Note: The protocol can also be applied to other ATPases, either purified or reconstituted (Gorbulev et al., 2001; van der Does et al., 2006; Marek et al., 2011; Laub et al., 2017; Theorin et al., 2019). Whether the ATPase activity of the protein remains during storage needs to be tested.

Materials

1. Polypropylene reaction tubes: 1.5, 2, and 15 mL (e.g., Sarstedt, catalog numbers: 72.690.001, 72.691, 62.554.502)

2. 15 mL glass tubes with screwable lid (e.g., Oehmen, catalog numbers: 7920120, 6702588)

   Note: To avoid phosphate contamination, glassware should be washed in phosphate-free detergent prior to use.

3. Filter tips: 10, 200, and 1,000 μL (e.g., Starlab, catalog numbers: S1120-3810, S1120-8810, S1126-7810)

4. 5 mL pipette tips (e.g., Gilson, catalog number: F161571)

5. 4 mL scintillation vials (PerkinElmer, catalog number: 1200-421)

6. Glass beakers (100 mL)

7. Glass flasks (500 mL)

8. Measuring flasks (100 mL)

9. Magnetic stir bars

10. Safety goggles

11. Gloves

Chemicals

1. N-Dodecyl β-maltoside (DDM) (Glycon, catalog number: D97002)

2. 4-(2-hydroxyethyl)-1-piperazineethanesulfonic acid (HEPES) (Roth, catalog number: 6763.3)

3. Sodium chloride (NaCl) (Fisher Scientific, catalog number: 10284640)

4. Glycerol, >99% (VWR, catalog number: 24388.295)

5. Sodium hydroxide (NaOH) (Signa-Aldrich, catalog number: 30620)

6. Magnesium chloride hexahydrate (MgCl₂) (Sigma-Aldrich, catalog number: M2670)

7. Isobutanol, 99% (Alfa Aesar, catalog number: B23091)

8. Cyclohexane, ≥99.5% (VWR, catalog number: 23224.293)

9. Acetone, ≥99.5% (Sigma-Aldrich, catalog number: 904082)

10. Adenosine-5’-triphosphate disodium salt hydrate (non-radioactive ATP) (Sigma, catalog number: A3377)

11. Ammonium heptamolybdate tetrahydrate, ≥99% (Roth, catalog number: 3666.1)

12. Scintillation fluid for hydrophilic and lipophilic samples (Roth, catalog number: 0016.3)

13. Hydrochloric acid (HCl) (VWR, catalog number: 20252.290)

14. 85% (w/w) orthophosphoric acid (H₃PO₄) (VWR, catalog number: 20624.295)

15. Potassium hydroxide (KOH) (Fisher Scientific, catalog number: P564060)

16. [γ-³²P]-ATP 3,000 Ci/mmol, 5 mCi/mL, 250 μCi (PerkinElmer, catalog number: BLU502H). Store at 4 °C, half-life is 14.29 days

    Note: We recommend using this 'easy Tide' version, which includes a green dye in the liquid to aid pipetting. Furthermore, this ATP can be stored at 4 °C to avoid freeze-thaw cycles. [γ-³³P]-ATP can also be used.

17. Sodium orthovanadate (Sigma, catalog number: 450243)

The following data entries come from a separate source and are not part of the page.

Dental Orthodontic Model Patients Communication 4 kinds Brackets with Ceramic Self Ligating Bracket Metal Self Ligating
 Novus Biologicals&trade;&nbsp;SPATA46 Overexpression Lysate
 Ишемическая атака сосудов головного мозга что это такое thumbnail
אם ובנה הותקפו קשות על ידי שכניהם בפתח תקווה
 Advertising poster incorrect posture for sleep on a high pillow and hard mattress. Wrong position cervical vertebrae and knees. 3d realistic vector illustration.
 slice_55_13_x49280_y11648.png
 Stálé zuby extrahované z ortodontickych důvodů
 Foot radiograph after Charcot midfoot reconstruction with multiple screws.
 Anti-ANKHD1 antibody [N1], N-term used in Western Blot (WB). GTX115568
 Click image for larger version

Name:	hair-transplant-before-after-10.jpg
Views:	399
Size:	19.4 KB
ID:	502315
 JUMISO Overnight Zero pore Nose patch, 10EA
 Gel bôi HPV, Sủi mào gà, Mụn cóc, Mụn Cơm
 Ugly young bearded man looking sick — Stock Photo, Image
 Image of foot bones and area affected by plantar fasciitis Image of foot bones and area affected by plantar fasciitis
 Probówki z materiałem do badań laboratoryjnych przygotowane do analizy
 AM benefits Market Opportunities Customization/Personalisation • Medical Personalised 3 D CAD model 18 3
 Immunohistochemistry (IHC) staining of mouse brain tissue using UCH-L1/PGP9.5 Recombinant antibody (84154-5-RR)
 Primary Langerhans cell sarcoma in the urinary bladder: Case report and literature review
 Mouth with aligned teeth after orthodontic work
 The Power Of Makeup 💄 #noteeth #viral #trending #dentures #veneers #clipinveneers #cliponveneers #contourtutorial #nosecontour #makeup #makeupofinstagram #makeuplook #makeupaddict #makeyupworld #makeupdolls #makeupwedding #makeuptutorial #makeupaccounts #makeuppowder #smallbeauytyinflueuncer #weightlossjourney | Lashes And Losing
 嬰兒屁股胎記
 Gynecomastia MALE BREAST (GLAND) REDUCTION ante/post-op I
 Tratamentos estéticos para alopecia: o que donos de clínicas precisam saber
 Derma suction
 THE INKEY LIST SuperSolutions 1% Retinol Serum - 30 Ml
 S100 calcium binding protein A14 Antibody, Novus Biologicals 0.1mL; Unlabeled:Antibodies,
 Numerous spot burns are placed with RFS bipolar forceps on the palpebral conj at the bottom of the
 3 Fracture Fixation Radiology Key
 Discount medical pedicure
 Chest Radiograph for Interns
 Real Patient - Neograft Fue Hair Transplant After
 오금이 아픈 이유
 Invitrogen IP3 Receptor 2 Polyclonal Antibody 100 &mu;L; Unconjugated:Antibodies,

18. Assay buffer (100 mL) (see Recipes)

19. 20% (w/v) DDM stock (5 mL) (see Recipes)

20. 1 M HCl (100 mL) (see Recipes)

21. Reagent A (15 mL) (see Recipes)

22. Reagent B (33.3 mL) (see Recipes)

23. 20 mM H₃PO₄ (5 mL) (see Recipes)

24. 100 mM ATP (10 mL) (see Recipes)

25. 500 mM MgCl₂ (10 mL) (see Recipes)

26. 700 mM orthovanadate (35 mL) (see Recipes)

Equipment

1. Analytical balance (Sartorius Entris-i II, 220 g/0.1 mg, Buch Holm, catalog number: 4669128)

2. Eppendorf Research^® plus pipettes P20, P200, P1000, P5000 (e.g., Eppendorf, catalog numbers: 3123000039, 3123000055, 3123000063, 3123000071)

3. Thermomixer (e.g., Eppendorf, catalog number: 5382000015)

4. β-radiation protection shield (e.g., Thermo Fisher Scientific, catalog number: 6700-1812)

5. Beta Counter (e.g., Berthold, catalog number: LB 1210B)

6. Vortex mixer (e.g., Vortex Genie 2, Scientific Industries Inc., catalog number: SI-0236)

7. Scintillation counter (e.g., MicroBeta2, PerkinElmer, catalog number: 2450-0020) with sample cassette for 4 mL scintillation vials (PerkinElmer, catalog number: 1450-117)

8. pH meter (e.g., SevenCompact S220, Mettler Toledo, catalog number: 30019028)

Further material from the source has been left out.